Turkish Monetary Policy Left Unchanged with a Bias Toward Ease

September 20, 2011

The Central Bank of the Republic of Turkey retained a 5.75% one-week repo rate and kept overnight lending and borrowing rates at 9% and 5%, respectively

During the Great Recession, Turkey’s key rate was cut from 18.75% to 7.0% over the year between November 2008 and November 2009.

Monetary policy subsequently had tightened in late 2010 and early this year via increased reserve requirements, a widened lending-borrowing rate corridor, and lira strength, which collectively outweighed the impact of two reductions of the one-week repo rate, first by 50 basis points to 6.5% in mid-December and then by 25 bps on January 20.  After an unscheduled policy meeting, the repo rate was slashed by another 50 bps to its current level of 5.75% on August 4, and the band between the overnight rates was narrowed considerably by a 350-bp hike of the borrowing rate to 5% from 1.5%. 

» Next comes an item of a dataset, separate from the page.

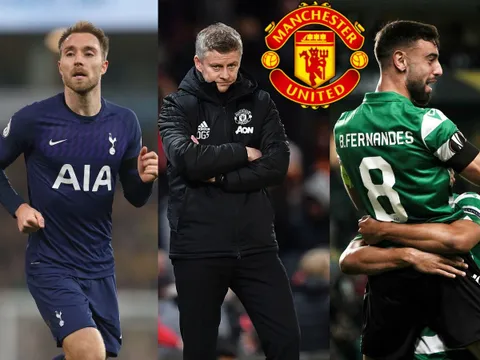 Man Utd – Bruno Fernandes: Hối hận muộn màng hay Ole bế tắc?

At today’s meeting, as at the previous one on on August 23, central bank policymakers decided not to implement any further changes, and a statement on the bank’s web site repeated the major points from the prior statement:

  • Growth will slow in the second half of 2011 because of weaker domestic demand and continuing sluggish exports.
  • Domestic credit expansion has ebbed, too.
  • Above-target core inflation may become even more so, but the elevation reflects temporary factors and will not endure amid slower growth.
  • Core inflation is projected near the target 5% by the end of 2012.

As officials have done before, they warned that more rate cuts may be needed. “All policy instruments may be eased should global economic problems further intensify and the slowdown in domestic economic activity becomes more pronounced.”